The history of research into the relationship between ancient Egypt and the cultures of the southern Levant presents us with a situation distinct from many other ancient such systems. In this case, the Levantine “margin” has been investigated by antiquarians and archaeologists because of its own perceived historical value, rather than as an adjunct to research in its larger imperial neighbor. Over the course of the past century, these investigations have generated a huge amount of archaeological data, most of which has been studied through the lens of historical perspectives that (a) use models based on European colonial and imperial practices and (b) situate specific sets of written documents as the framework upon which archaeological data must be hung.
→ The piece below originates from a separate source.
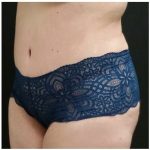 Massive Weight Loss Before & After Patient #15955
Archaeology offers non-document-based approaches to the study of the past, and allows for the possibility of studying cultures distant in time and space from our own. But for the past forty years or so, much of the discourse on the interactions between ancient Egypt and the southern Levant has taken place in the context of world systems theory and core-periphery interactions. This approach often focuses analysis on hegemonic states to the detriment, if not exclusion, of the study of local developments outside of the imperial center.

Investigating the Late Bronze Age material culture of the southern Levant using models based on other “peripheral” or inter-imperial cultures enables archaeologists to explore local agency in the development of regional political and economic systems.